The ntext data type is not supported.
MySQL
When creating a connection to MySQL via JDBC, it is not mandatory to include the database name to the JDBC URL. Regardless of whether the database connection URL specified in the JDBC URL field includes the database name, all databases are retrieved.
For example, if you specify jdbc:mysql://192.168.33.41:3306/tbi?noDatetimeStringSync=true, where tbi is the database name, or jdbc:mysql://192.168.33.41:3306/?noDatetimeStringSync=true, all databases are retrieved.
To support surrogate pairs in data and metadata, you need to edit the following properties in the MySQL server configuration file:
[client]
default-character-set=utf8mb4
[mysql]
default-character-set=utf8mb4
character-set-server=utf8mb4
Netezza
The Netezza database does not support regular expressions. If you want to use regular expressions with this database, you must:
- Install the SQL Extensions Toolkit package on a Netezza system. Use the regex_like function provided in this toolkit in the SQL template as documented in IBM Netezza SQL Extensions toolkit installation and setup.

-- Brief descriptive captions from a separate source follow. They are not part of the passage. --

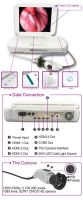 YKD-9003A2 Portable medical endoscope for ENT with cold light LED source 35W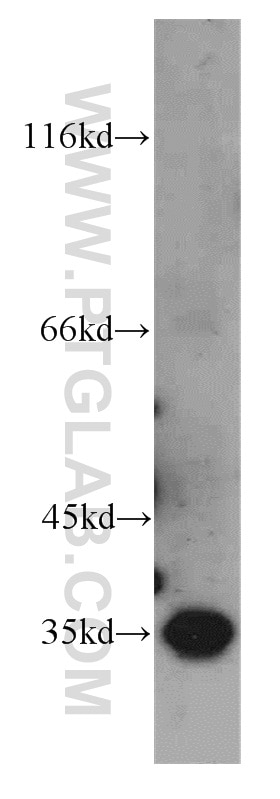 Western Blot (WB) analysis of human placenta tissue using GGPS1 Polyclonal antibody (14944-1-AP)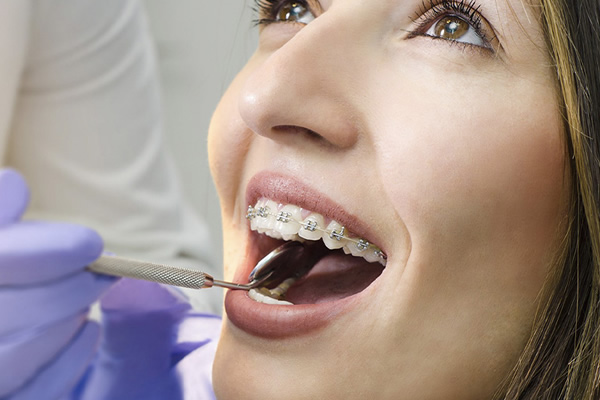 Benefits of Holistic Dentistry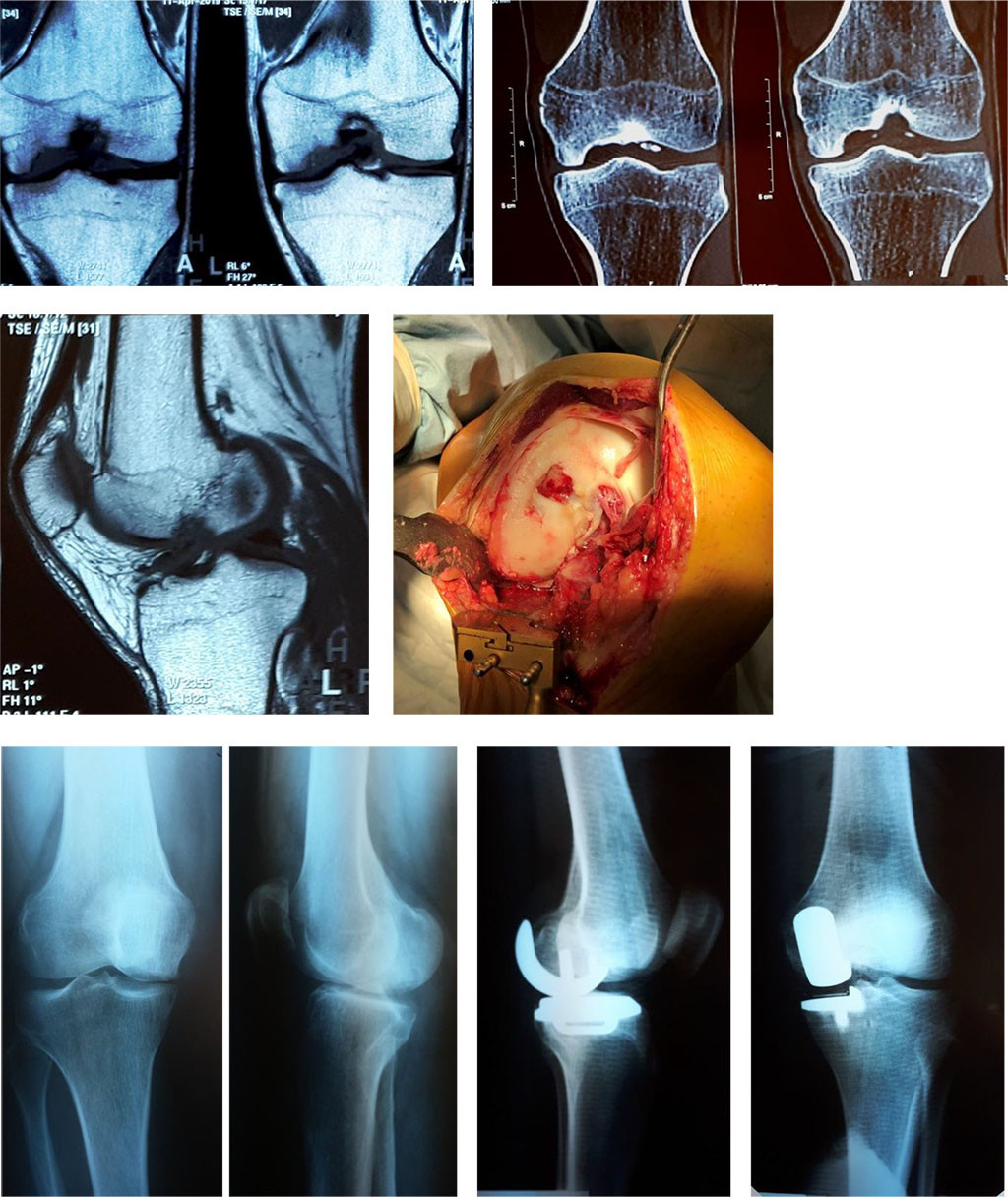 Figure 2. MRI, CT of a knee, intraoperative photo of a defect of medial femoral condyle and X-ray image of the lower limb after the unicondylar arthroplasty. 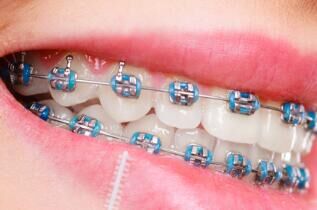 牙齿矫正全流程：从面诊、戴牙套到保持器，每一步都不踩坑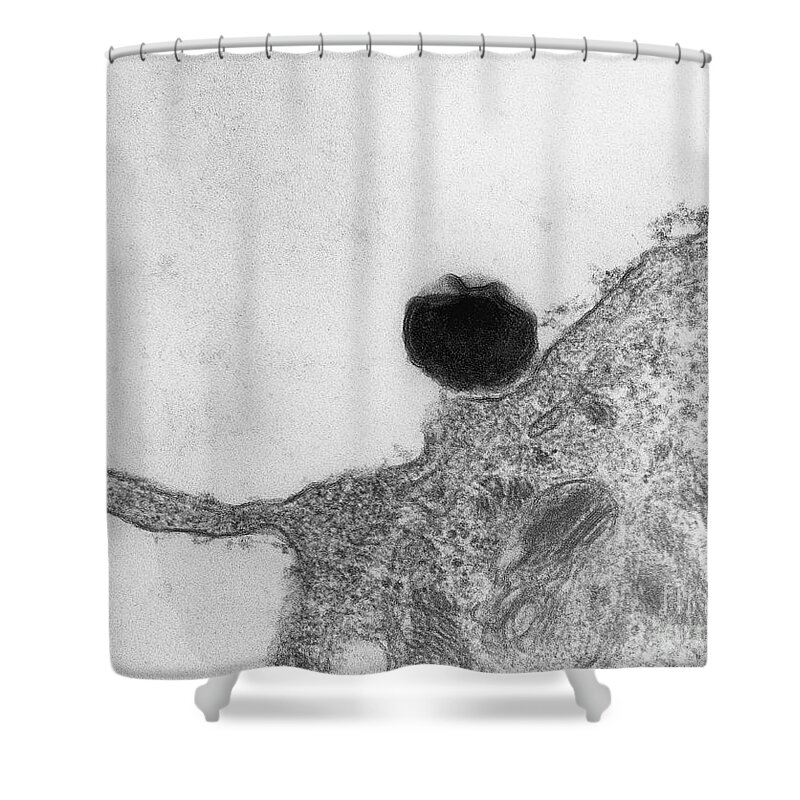 Science Shower Curtain featuring the photograph Chlamydia On Oviduct Surface, Tem #2 by David M. Phillips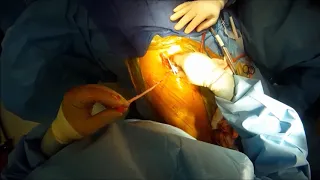 Peripheral Bypass Surgical Video_ML0841.000
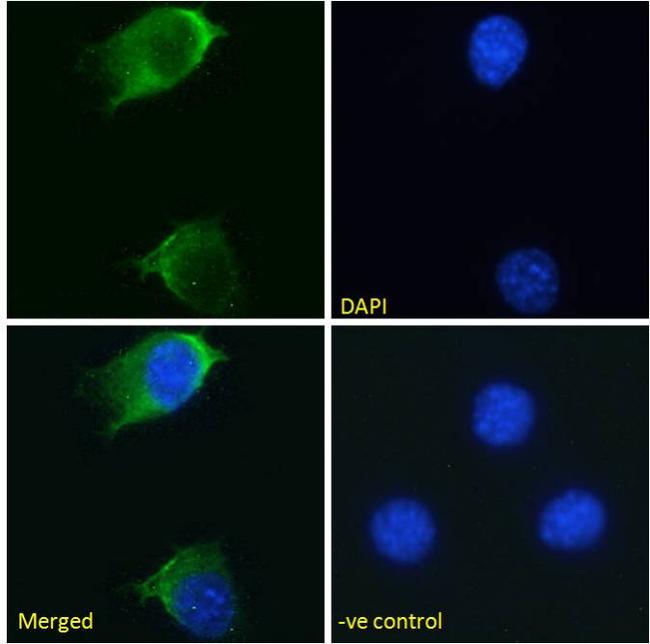 EGFR Chimeric Antibody in Immunocytochemistry (ICC/IF)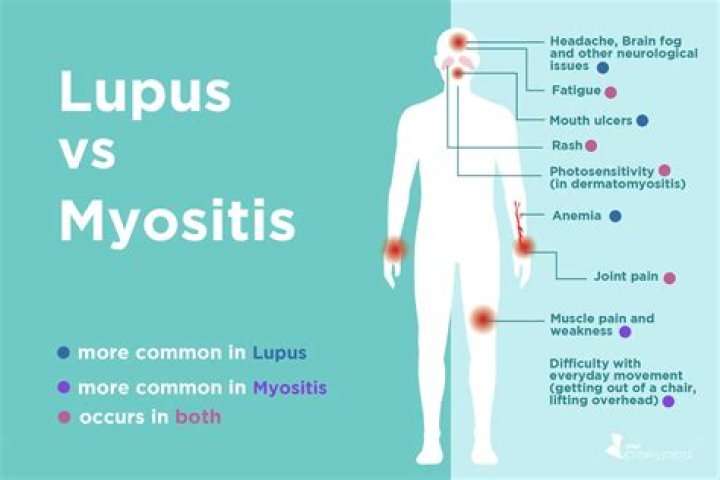 Can lupus cause myositis?
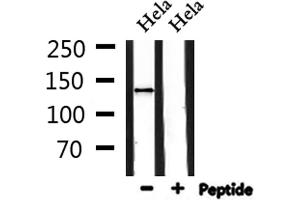 Western Blotting (WB) image for anti-ADAM Metallopeptidase with Thrombospondin Type 1 Motif, 19 (ADAMTS19) (Internal Region) antibody (ABIN6257740)
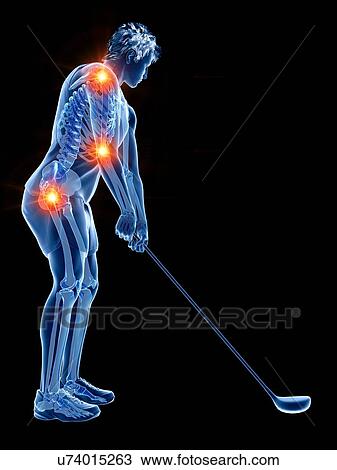 Stock Image - Golf player with painful joints, illustration. Fotosearch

- Add the indicator definition for Netezza in the Pattern
Matching directory in Talend Studio
under .
The query template you need to define for Netezza is as the following: SELECT COUNT(CASE WHEN REGEXP_LIKE(<%=COLUMN_NAMES%>,<%=PATTERN_EXPR%>) THEN 1 END), COUNT FROM <%=TABLE_NAME%><%=WHERE_CLAUSE%>.
Oracle
To support surrogate pairs, the NLS_CHARACTERSET parameter of the database must be set to UTF8 or AL32UTF8.
The default NLS_CHARACTERSET parameters are:
- NLS_CHARACTERSET=WE8ISO8859P15
- NLS_NCHAR_CHARACTERSET=AL16UTF16
Oracle Custom
To connect to an Oracle database using Oracle Custom as the DB Type, select the Use SSL Encryption and Need Client Authentication check boxes and fill in the Trust Store Path and Trust Store Password fields.PostgreSQL
When you connect to a PostgreSQL database via a JDBC connection, the INT4 and INT8 data types are replaced by a String data type. As a consequence, if your analysis uses the T-Swoosh algorithm, the survivorship functions are for strings, not for numbers.
- Close the analysis and switch to the Integration perspective.
- Expand Metadata and right-click the database connection .
- Select the check box of the table to update.
- When Creation status is set to Success, click Next.
- If columns with no database type must be of Integer type, set DB Type to INT.
- Click Finish and close the dialog box.
- Switch to the Profiling perspective and open the analysis.
- In Survivorship Rules for Columns, delete and add back the columns you updated. You can see the survivorship functions for numbers (Largest and Smallest).
SAP HANA
Profiling data from SAP HANA is only possible for Table, View, and Calculation View schemas.
The Soundex frequency statistics indicators support the English alphabet only.
Snowflake
Profiling data from Snowflake requires a JDBC connection.
When the table name and the structure are identical, you can switch contexts to switch databases and schemas. Switching catalogs or schemas is based on the JDBC URL. After you switched the contexts, only the catalog or schema from the URL is displayed under the connection node.
For more information, see Configuring the JDBC Driver.
You cannot use a connection created under the Snowflake node in the Integration perspective.
Teradata
If you select to connect to the Teradata database, select the Yes option next to USE SQL Mode to enable Talend Studio to use the SQL queries to retrieve metadata. The JDBC driver is not recommended with this database because of possible bad performance.
In the Teradata database, the regular expression function is installed by default only starting from version 14. If you want to use regular expressions with older versions of this database, you must install a User Defined Function in Teradata and add the indicator definition for Teradata in Talend Studio.